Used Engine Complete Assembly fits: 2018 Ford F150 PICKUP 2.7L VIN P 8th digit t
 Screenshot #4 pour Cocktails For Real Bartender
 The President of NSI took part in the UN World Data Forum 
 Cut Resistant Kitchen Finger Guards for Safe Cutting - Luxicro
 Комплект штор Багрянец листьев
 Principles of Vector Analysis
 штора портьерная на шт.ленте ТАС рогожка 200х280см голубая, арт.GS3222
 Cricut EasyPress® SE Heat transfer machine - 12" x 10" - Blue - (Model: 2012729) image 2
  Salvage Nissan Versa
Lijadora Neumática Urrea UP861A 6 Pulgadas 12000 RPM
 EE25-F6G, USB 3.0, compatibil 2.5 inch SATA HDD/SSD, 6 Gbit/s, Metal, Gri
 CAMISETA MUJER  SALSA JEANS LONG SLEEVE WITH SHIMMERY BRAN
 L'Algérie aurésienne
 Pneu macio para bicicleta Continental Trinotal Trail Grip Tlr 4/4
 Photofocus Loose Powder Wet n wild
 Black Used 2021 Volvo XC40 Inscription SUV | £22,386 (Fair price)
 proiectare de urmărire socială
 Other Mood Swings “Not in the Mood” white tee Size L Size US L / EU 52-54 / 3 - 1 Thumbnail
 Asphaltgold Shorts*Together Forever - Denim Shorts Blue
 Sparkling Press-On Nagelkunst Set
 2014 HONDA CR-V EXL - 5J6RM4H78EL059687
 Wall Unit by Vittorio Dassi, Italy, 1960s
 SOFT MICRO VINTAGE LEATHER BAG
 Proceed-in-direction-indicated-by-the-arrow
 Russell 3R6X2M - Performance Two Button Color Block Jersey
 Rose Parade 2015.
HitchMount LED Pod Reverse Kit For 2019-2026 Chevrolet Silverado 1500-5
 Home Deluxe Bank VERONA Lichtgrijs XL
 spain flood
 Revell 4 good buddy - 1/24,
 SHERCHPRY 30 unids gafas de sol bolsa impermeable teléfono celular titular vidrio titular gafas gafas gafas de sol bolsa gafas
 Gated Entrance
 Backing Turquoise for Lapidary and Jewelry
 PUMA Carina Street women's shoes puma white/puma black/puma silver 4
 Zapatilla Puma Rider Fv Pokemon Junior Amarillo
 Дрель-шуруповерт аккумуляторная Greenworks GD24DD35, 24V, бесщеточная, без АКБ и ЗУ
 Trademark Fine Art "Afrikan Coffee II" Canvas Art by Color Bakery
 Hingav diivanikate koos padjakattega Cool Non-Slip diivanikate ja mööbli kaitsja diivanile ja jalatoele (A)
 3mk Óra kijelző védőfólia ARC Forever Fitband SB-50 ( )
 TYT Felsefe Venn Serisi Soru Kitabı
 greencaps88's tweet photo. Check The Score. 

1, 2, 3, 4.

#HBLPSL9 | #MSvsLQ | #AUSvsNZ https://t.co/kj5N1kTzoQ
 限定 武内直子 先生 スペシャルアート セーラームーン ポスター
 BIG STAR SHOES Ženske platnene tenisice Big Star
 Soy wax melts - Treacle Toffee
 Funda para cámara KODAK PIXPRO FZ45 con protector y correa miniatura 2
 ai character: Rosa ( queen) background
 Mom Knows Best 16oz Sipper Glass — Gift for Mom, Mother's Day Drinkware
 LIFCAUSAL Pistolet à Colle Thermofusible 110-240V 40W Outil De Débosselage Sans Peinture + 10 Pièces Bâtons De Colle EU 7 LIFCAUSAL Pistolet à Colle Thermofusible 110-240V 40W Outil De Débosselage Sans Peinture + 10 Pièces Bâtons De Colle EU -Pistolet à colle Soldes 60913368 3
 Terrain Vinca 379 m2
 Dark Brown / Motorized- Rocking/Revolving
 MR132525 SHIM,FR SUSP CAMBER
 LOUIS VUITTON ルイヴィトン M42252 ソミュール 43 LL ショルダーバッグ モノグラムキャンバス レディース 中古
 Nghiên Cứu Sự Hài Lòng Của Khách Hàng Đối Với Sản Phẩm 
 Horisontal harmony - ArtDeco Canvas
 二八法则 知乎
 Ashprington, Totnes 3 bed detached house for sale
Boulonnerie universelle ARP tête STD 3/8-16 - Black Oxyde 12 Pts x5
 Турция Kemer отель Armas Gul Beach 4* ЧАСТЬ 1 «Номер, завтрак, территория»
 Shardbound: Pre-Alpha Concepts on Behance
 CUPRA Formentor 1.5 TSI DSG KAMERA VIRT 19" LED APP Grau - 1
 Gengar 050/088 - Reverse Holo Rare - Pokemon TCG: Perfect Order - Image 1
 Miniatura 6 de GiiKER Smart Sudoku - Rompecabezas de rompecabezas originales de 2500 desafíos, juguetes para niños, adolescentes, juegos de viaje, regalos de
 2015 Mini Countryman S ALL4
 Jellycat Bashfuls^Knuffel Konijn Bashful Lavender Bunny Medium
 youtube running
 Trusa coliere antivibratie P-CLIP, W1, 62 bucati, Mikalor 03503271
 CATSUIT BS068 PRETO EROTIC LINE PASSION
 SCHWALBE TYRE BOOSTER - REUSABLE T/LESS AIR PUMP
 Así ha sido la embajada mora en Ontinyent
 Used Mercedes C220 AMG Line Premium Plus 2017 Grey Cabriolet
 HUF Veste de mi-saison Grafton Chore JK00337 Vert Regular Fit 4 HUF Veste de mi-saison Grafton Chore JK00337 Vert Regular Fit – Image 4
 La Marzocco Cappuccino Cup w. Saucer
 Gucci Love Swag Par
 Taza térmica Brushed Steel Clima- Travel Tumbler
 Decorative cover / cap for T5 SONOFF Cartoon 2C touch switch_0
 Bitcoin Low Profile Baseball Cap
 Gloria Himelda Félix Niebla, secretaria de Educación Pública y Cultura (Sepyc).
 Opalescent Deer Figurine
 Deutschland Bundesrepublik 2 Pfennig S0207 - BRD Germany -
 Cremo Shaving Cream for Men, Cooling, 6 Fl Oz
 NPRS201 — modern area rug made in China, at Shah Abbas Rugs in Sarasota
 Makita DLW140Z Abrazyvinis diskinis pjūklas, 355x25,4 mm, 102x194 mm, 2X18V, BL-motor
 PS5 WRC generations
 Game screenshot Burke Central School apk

# [What you will do]
From the records above, quote only the lines running from the line with "限定 武内直子 先生 スペシャルアート セーラームーン ポスター" to the line with "MR132525 SHIM,FR SUSP CAMBER", both lines included.

# [Result of this task]
 限定 武内直子 先生 スペシャルアート セーラームーン ポスター
 BIG STAR SHOES Ženske platnene tenisice Big Star
 Soy wax melts - Treacle Toffee
 Funda para cámara KODAK PIXPRO FZ45 con protector y correa miniatura 2
 ai character: Rosa ( queen) background
 Mom Knows Best 16oz Sipper Glass — Gift for Mom, Mother's Day Drinkware
 LIFCAUSAL Pistolet à Colle Thermofusible 110-240V 40W Outil De Débosselage Sans Peinture + 10 Pièces Bâtons De Colle EU 7 LIFCAUSAL Pistolet à Colle Thermofusible 110-240V 40W Outil De Débosselage Sans Peinture + 10 Pièces Bâtons De Colle EU -Pistolet à colle Soldes 60913368 3
 Terrain Vinca 379 m2
 Dark Brown / Motorized- Rocking/Revolving
 MR132525 SHIM,FR SUSP CAMBER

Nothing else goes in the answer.